Escalating street protests have pushed Haiti’s already dire social crisis this week into what regional leaders described as a “low-intensity civil war,” leaving residents of the capital cut off from the outside world and scrambling for basic necessities like drinking water and food.

Protesters set up barricades made up of debris, felled trees and tires throughout the capital, Port-au-Prince, looted shops and humanitarian warehouses and attacked banks and residences of pro-government politicians and better-off citizens.
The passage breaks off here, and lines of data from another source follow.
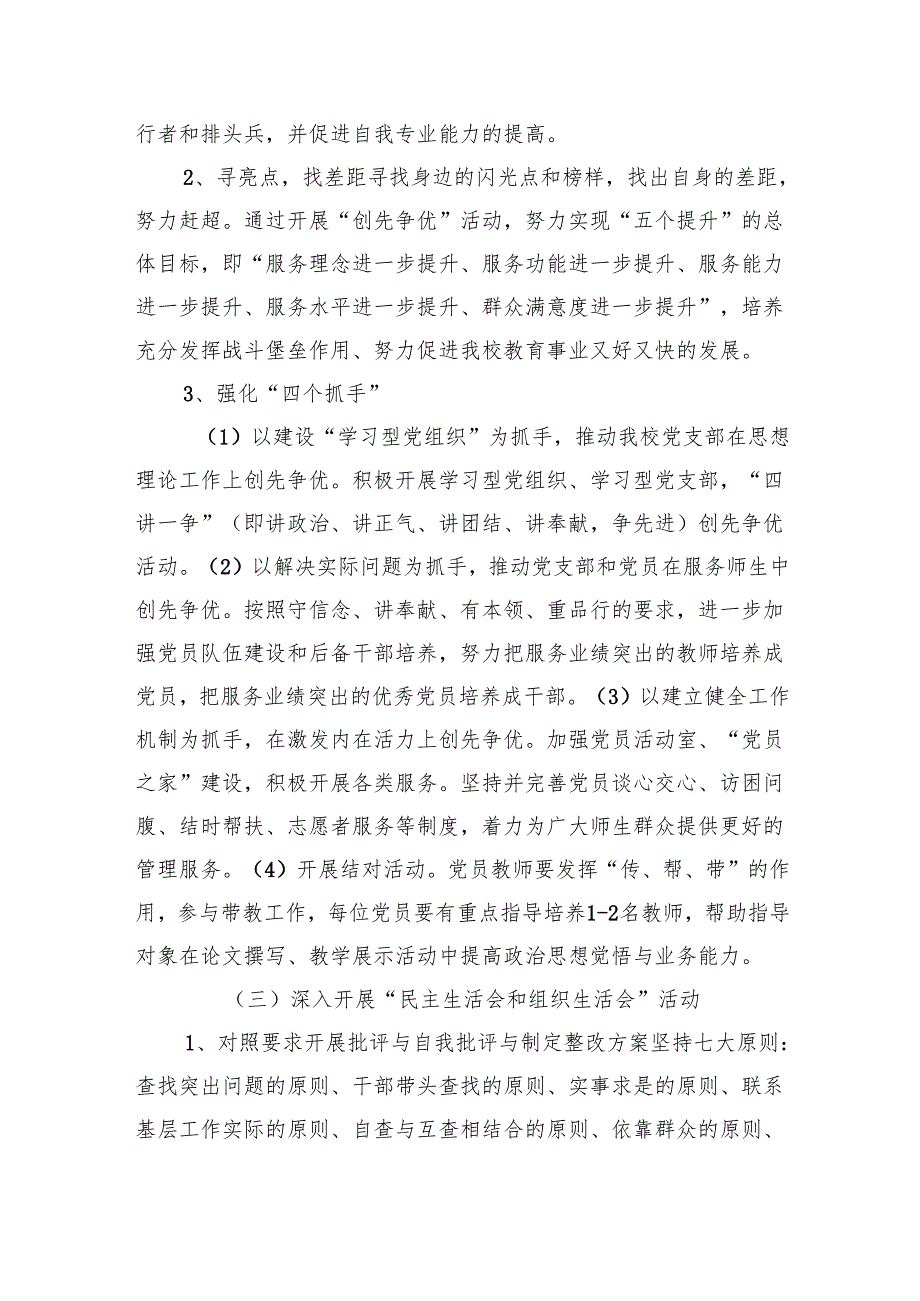 学校党支部2024年党建工作计划最新版8篇合辑.docx_第2页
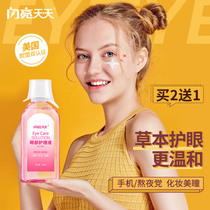 Weia recommends shiny eye wash cleaning eye care liquid cleaning eye water relieving eye fatigue eye protector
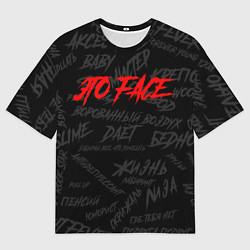 Футболка оверсайз мужская ЭТО FACE, цвет: 3D-принт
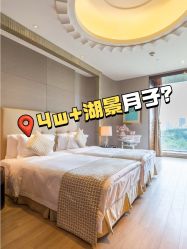 -耐味林月子会所(黄兴公园店)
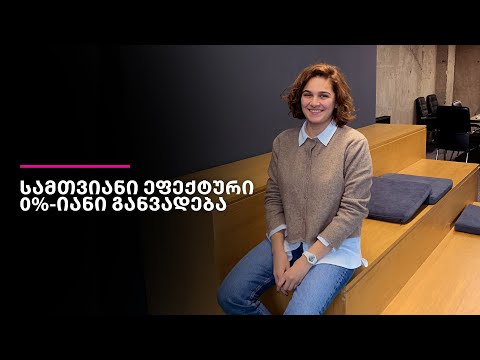სამთვიანი ეფექტური 0%-იანი განვადება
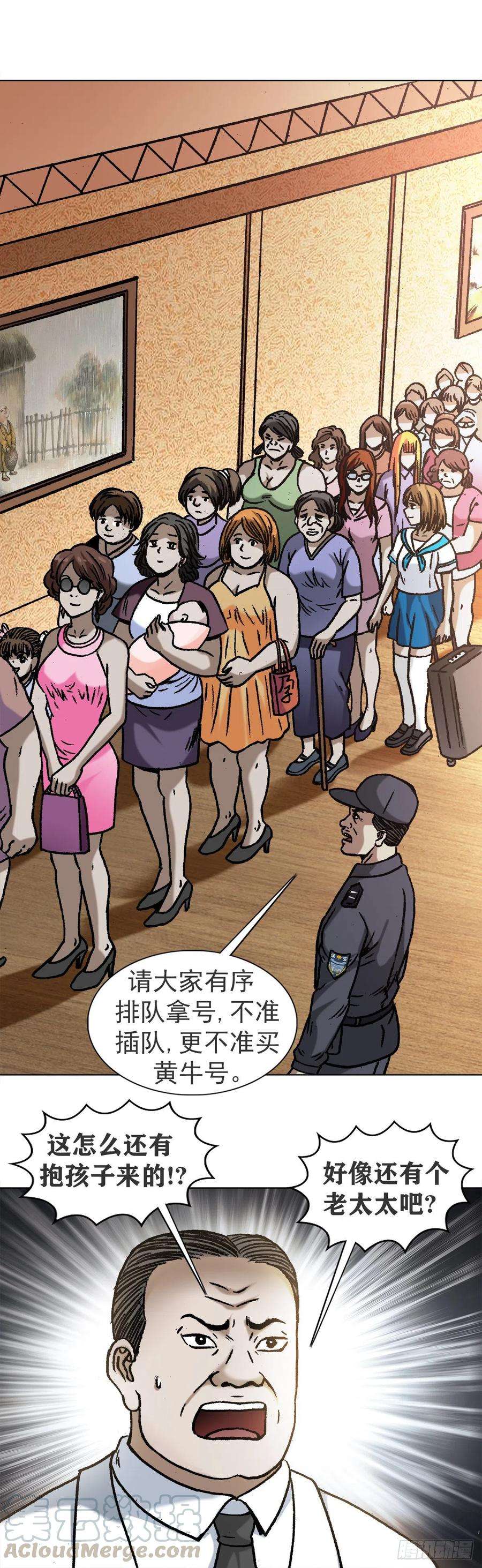 中国惊奇先生1119 忠义两全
Simmering outbreaks of unrest throughout the island nation have coalesced into the largest wave of protests in years following the government’s announcement last Sunday that it would raise the country’s highly subsidized fuel prices.

The protests quickly broadened into a general, visceral rejection of Haiti’s dire living conditions, characterized by widespread hunger, a lack of basic services, omnipresent gang violence, runaway inflation and the weak rule of a caretaker prime minister, Ariel Henry. Mr. Henry took power following the assassination of President Jovenel Moïse last year.
As Mr. Henry’s government’s already tenuous hold on the country has largely evaporated during the unrest, other factions have attempted to fill the power vacuum.

An opposition leader, Moïse Jean Charles, called on supporters to shut down the banks at a rally in the northern city of Cap Haitien, prompting the crowd to chant, “We are going to set them on fire.”

A prominent gang leader, Jimmy Chérizier, known as Barbecue, said Haiti’s poor must depose Mr. Henry at a demonstration he held in his stronghold in Port-au-Prince on Thursday.